- Directions: Starting with the line below that holds "Casa para Venda" and stopping after the line that holds "Dodge Challenger III", transcribe the lines exactly, leaving out all pictures.

- Listed entries:

= = =

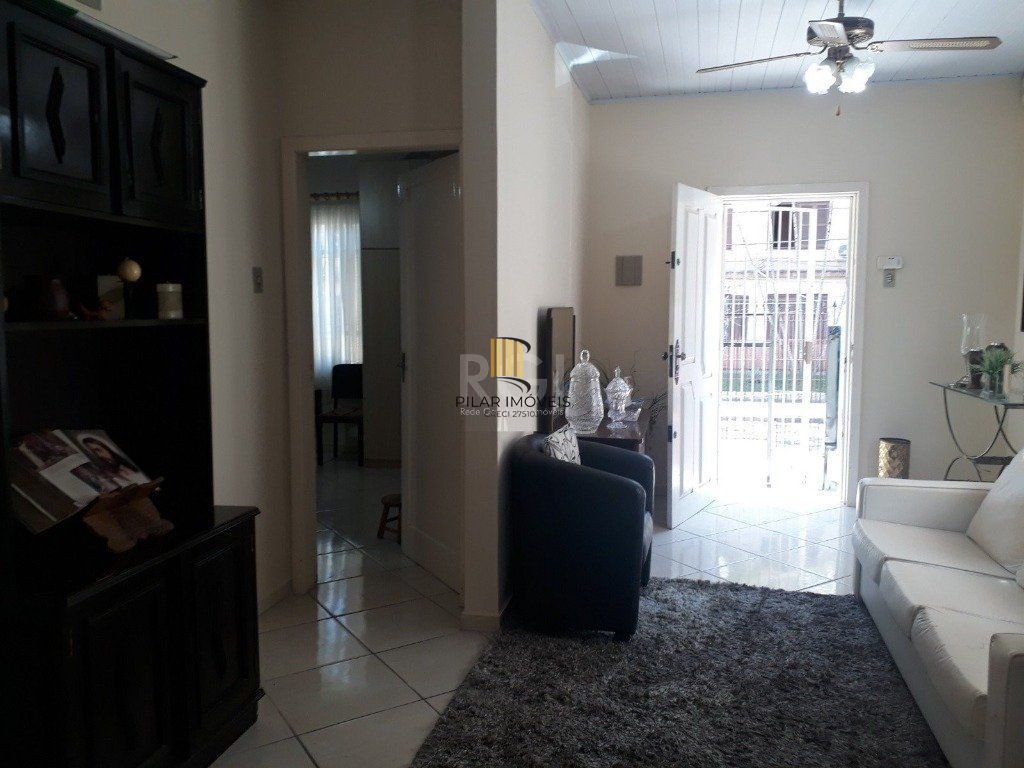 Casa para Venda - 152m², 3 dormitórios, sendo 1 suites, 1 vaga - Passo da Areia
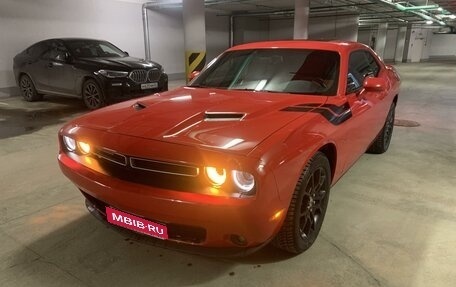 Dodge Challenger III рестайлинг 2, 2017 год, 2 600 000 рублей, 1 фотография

= = =

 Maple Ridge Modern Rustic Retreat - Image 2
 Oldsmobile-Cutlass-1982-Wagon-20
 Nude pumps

= = =

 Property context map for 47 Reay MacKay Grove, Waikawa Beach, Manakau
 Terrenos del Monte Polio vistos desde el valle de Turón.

= = =

- Exercise output:
 Casa para Venda - 152m², 3 dormitórios, sendo 1 suites, 1 vaga - Passo da Areia
 Dodge Challenger III рестайлинг 2, 2017 год, 2 600 000 рублей, 1 фотография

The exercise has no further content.